**Directions for this task:** Give back, exactly as written, the lines from the first line of the data below through the line with "Kantor BRI Kendal Ludes Terbakar", and omit the pictures.

**Caption-style text data:**
·····

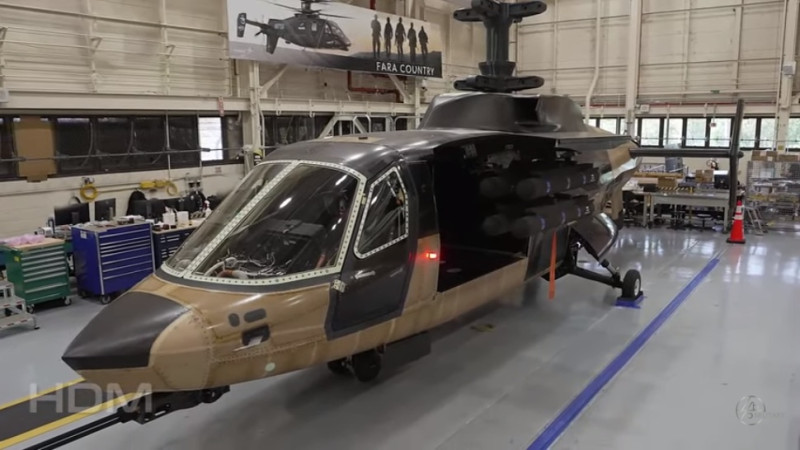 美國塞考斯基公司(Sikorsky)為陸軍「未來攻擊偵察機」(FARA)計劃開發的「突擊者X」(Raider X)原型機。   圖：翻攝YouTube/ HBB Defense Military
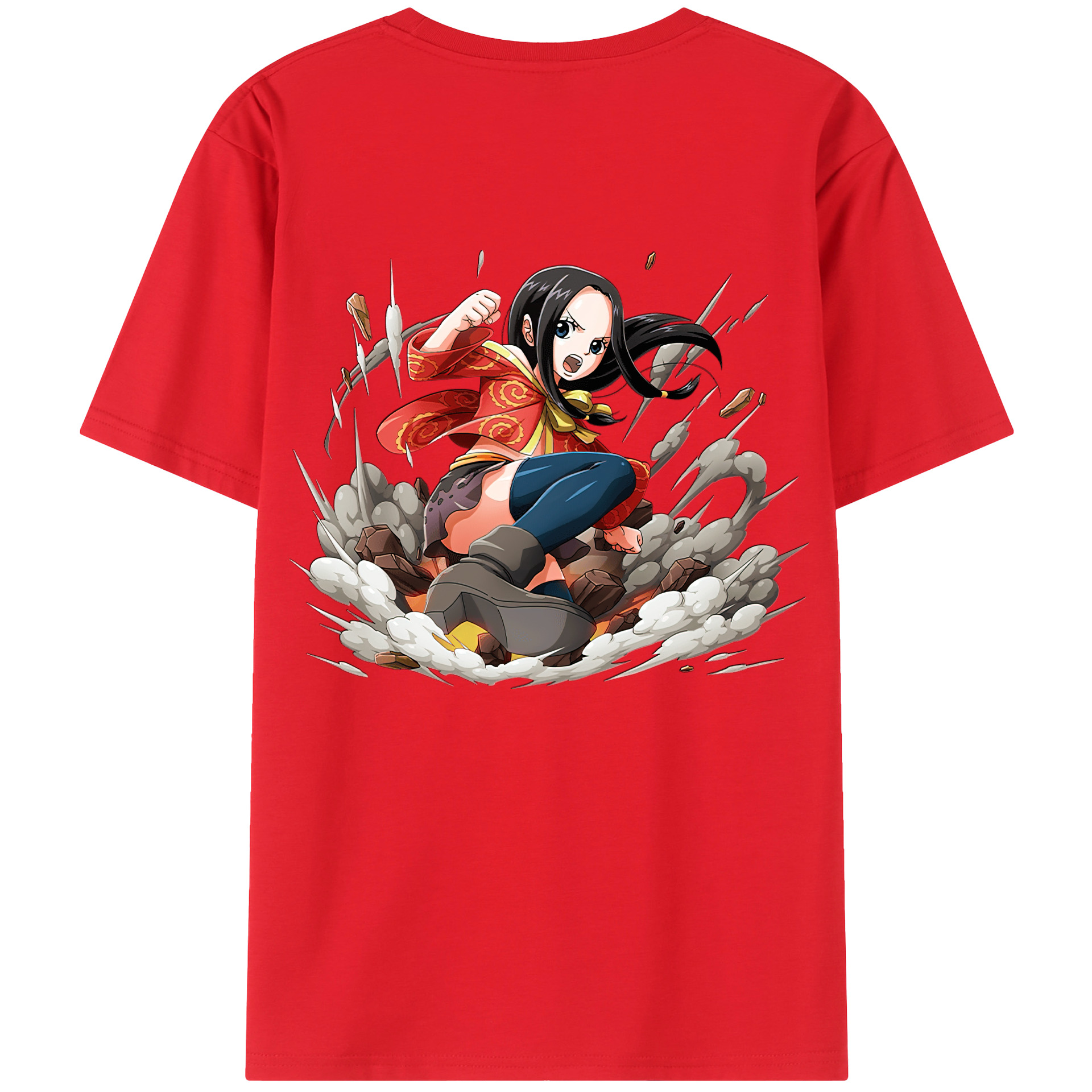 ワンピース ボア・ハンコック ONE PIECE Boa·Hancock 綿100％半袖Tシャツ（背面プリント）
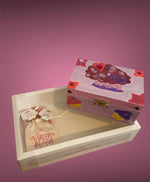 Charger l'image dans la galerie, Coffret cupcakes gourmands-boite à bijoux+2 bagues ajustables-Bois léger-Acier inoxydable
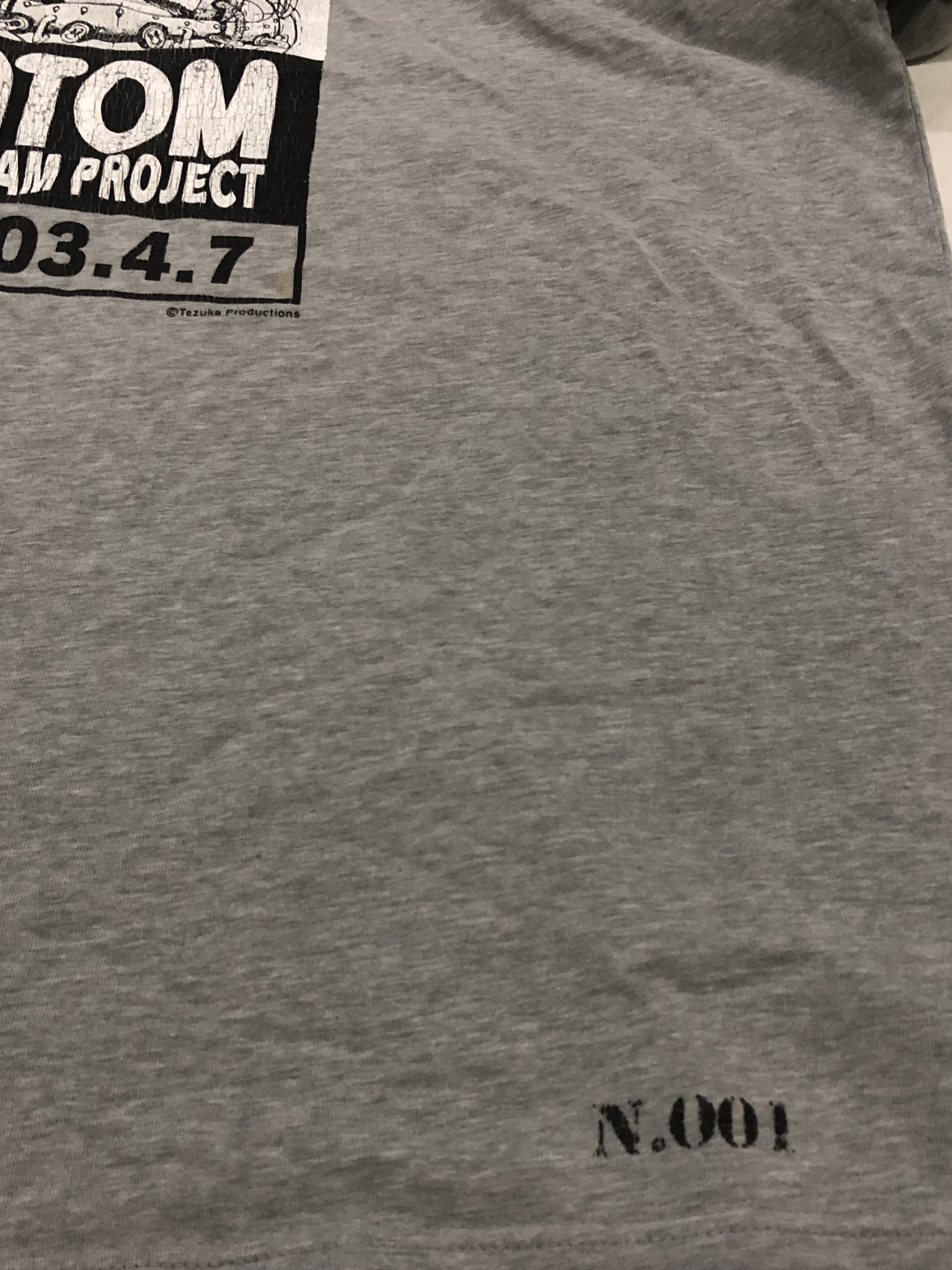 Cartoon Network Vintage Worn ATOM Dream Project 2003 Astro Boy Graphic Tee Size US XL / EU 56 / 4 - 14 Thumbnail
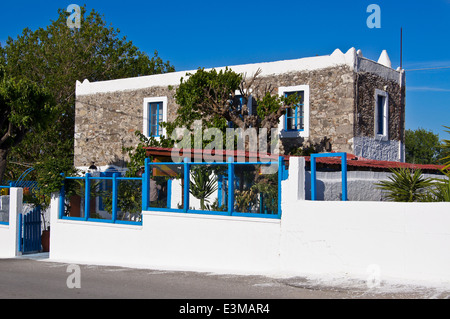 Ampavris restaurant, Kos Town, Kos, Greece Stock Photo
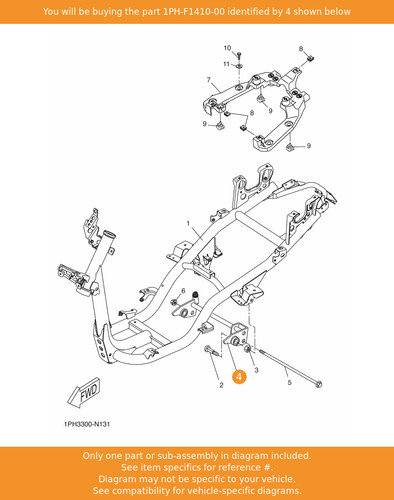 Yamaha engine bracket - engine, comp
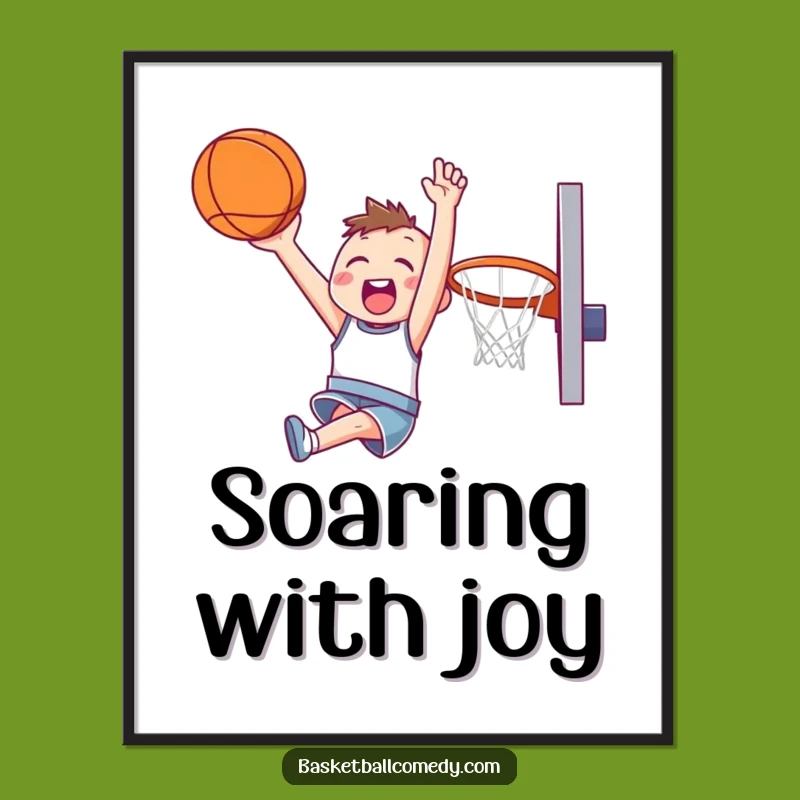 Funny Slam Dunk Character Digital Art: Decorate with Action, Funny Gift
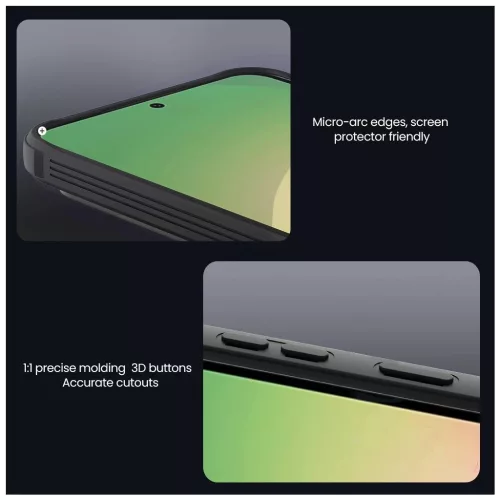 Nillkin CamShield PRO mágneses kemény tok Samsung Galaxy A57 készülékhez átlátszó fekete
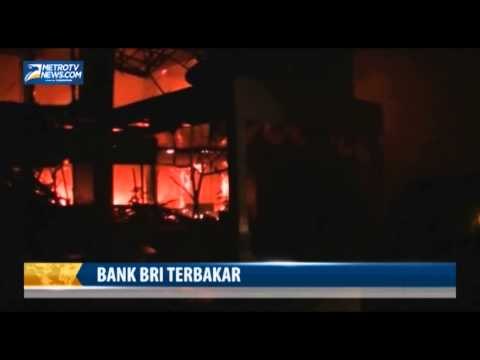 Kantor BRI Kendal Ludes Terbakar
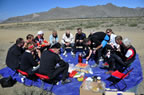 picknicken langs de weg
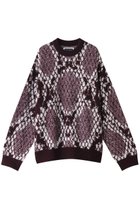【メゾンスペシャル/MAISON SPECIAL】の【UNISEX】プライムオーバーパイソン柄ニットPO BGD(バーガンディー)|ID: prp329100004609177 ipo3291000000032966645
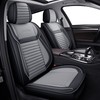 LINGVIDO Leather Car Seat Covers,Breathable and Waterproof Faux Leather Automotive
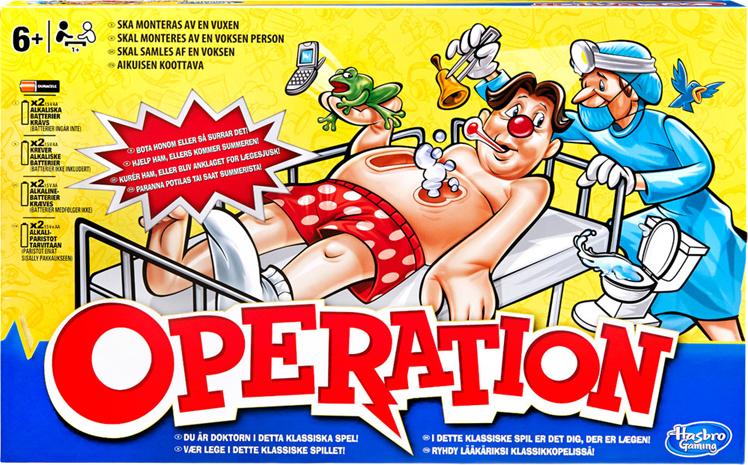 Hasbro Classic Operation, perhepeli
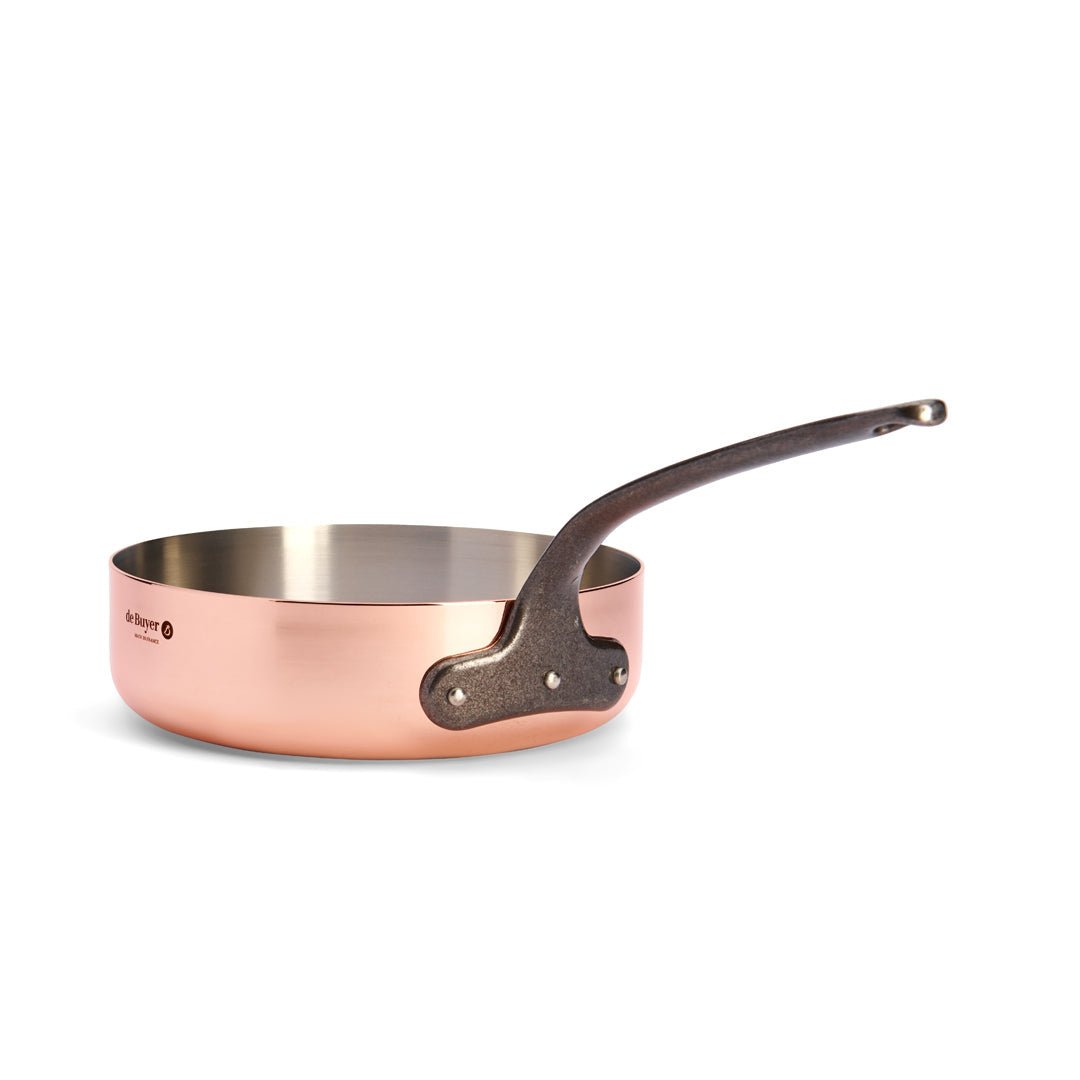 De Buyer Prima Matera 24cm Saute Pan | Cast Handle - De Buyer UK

·····

**Response box:**
 美國塞考斯基公司(Sikorsky)為陸軍「未來攻擊偵察機」(FARA)計劃開發的「突擊者X」(Raider X)原型機。   圖：翻攝YouTube/ HBB Defense Military
 ワンピース ボア・ハンコック ONE PIECE Boa·Hancock 綿100％半袖Tシャツ（背面プリント）
 Charger l'image dans la galerie, Coffret cupcakes gourmands-boite à bijoux+2 bagues ajustables-Bois léger-Acier inoxydable
 Cartoon Network Vintage Worn ATOM Dream Project 2003 Astro Boy Graphic Tee Size US XL / EU 56 / 4 - 14 Thumbnail
 Ampavris restaurant, Kos Town, Kos, Greece Stock Photo
 Yamaha engine bracket - engine, comp
 Funny Slam Dunk Character Digital Art: Decorate with Action, Funny Gift
 Nillkin CamShield PRO mágneses kemény tok Samsung Galaxy A57 készülékhez átlátszó fekete
 Kantor BRI Kendal Ludes Terbakar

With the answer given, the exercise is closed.